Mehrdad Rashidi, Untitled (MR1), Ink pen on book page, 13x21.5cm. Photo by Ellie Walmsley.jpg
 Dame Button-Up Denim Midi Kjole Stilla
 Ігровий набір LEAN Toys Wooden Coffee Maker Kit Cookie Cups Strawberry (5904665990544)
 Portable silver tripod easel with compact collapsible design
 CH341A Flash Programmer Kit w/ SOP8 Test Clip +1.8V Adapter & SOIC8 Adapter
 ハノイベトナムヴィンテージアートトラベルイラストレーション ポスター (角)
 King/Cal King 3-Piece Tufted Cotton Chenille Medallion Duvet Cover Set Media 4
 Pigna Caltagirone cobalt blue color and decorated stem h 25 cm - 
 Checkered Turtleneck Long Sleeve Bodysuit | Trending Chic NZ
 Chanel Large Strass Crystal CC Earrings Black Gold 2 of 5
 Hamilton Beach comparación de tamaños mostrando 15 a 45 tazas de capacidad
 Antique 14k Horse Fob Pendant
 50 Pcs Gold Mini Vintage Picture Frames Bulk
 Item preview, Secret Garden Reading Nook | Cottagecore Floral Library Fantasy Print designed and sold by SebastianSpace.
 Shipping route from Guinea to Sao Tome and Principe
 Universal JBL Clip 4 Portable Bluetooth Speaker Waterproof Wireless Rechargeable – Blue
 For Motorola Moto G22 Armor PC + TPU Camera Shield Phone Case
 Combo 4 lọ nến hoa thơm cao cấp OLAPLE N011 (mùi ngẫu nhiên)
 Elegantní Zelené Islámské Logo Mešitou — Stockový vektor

· · ·

TASK DESCRIPTION:
Only the lines from the one containing "Shipping route from" through the end of the listing should be copied, and they should be copied exactly.

RESULT:
 Shipping route from Guinea to Sao Tome and Principe
 Universal JBL Clip 4 Portable Bluetooth Speaker Waterproof Wireless Rechargeable – Blue
 For Motorola Moto G22 Armor PC + TPU Camera Shield Phone Case
 Combo 4 lọ nến hoa thơm cao cấp OLAPLE N011 (mùi ngẫu nhiên)
 Elegantní Zelené Islámské Logo Mešitou — Stockový vektor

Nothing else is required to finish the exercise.